Tuesday, October 15, 2013

What I learned from American Pickers

My go-to TV show while clearing the dinner dishes is American Pickers on History.

I used to consider this light entertainment. Then I realized I was absorbing key fundamentals of negotiating.
  • The art of the bundle Frank Fritz has perfected a technique for elevating price negotiations when at an impasse with  owners. He groups together several items, making the price for each less important. This same approach works wonders when I’m asked to write several small projects. Rather than try to price each one separately, an overall project cost can seal the deal.
  • What do you value this piece at? Both Frank and Mike Wolfe use this line frequently to gauge a starting point for negotiation. Swap out “piece” for “project,” and it’s a perfect inquiry for gauging the parameters of the client’s budget.
  • There’s a bunch of rust, and some pieces are missing Any item in mint condition is going to be worth a lot more than something you dug up in the backyard. The inverse is true in copywriting. Any project with all the pieces in place – clear objectives, accessible background materials, available subject matter experts, reasonable review and approval process – will cost less than one where much more work is required to get it into shape.
With every negotiation, both sides do a little dance to get what they want. When the guys at American Pickers seal their first deal, they shake on it. They call it “breaking the ice.”

There are few handshakes in my business, where client contacts are mostly by phone and email. All I can offer is solid writing, with attention to detail and fresh thinking about the client’s problems.

That must hold sway because many of them come back year after year for new projects. My deliverable becomes the Amy Ink ice-breaker, paving the way for future collaborations...and more negotiations.

I guess I'll having to start paying closer attention to History shows, considering their educational value for managing my small business. In fact, I just might take a break right now to watch a few episodes of Pawn Stars. Let's see what tricks those negotiation pros have up their sleeves.




Wednesday, October 2, 2013

Tag, you're IT

Whenever some bit of software goes wonky, I’m suddenly IT. That’s what happens when you’re a one-woman sole proprietor.

Something breaks. Software needs updating. New and better technology become available. Tag, I’m IT.

I play the role of Information Technology support much like I play office manager, administrative assistant, invoice preparer, bookkeeper, and whatever else is needed to keep my business running.

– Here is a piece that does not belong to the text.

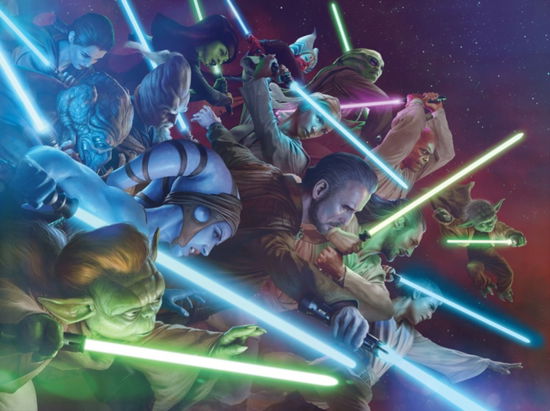 Cover for Marc Guggenheim · Star Wars: Jedi Knights Vol. 1 (Paperback Book) (2025)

Oh yes – and writing – I knew I was forgetting something.

Most of my writing projects fall into a hurry-up-and-wait rhythm. Schedule phone interviews; wait until the agreed time. Conduct interviews; wait for additional materials to arrive. Write copy; wait through client reviews.

In between, I can easily fit all the other stuff of running the business. Except when software unexpectedly decides to take a header.

In the good old days, I would call corporate IT support or the company Help Desk. These days, I am the company Help Desk. To be fair, I do have some support – my head of networks, or HON – but my husband has a day job, and troubleshooting via email has its drawbacks.

Yesterday’s crisis involved software that used to synch my smartphone with Outlook contacts and calendars perfectly. Until it didn’t.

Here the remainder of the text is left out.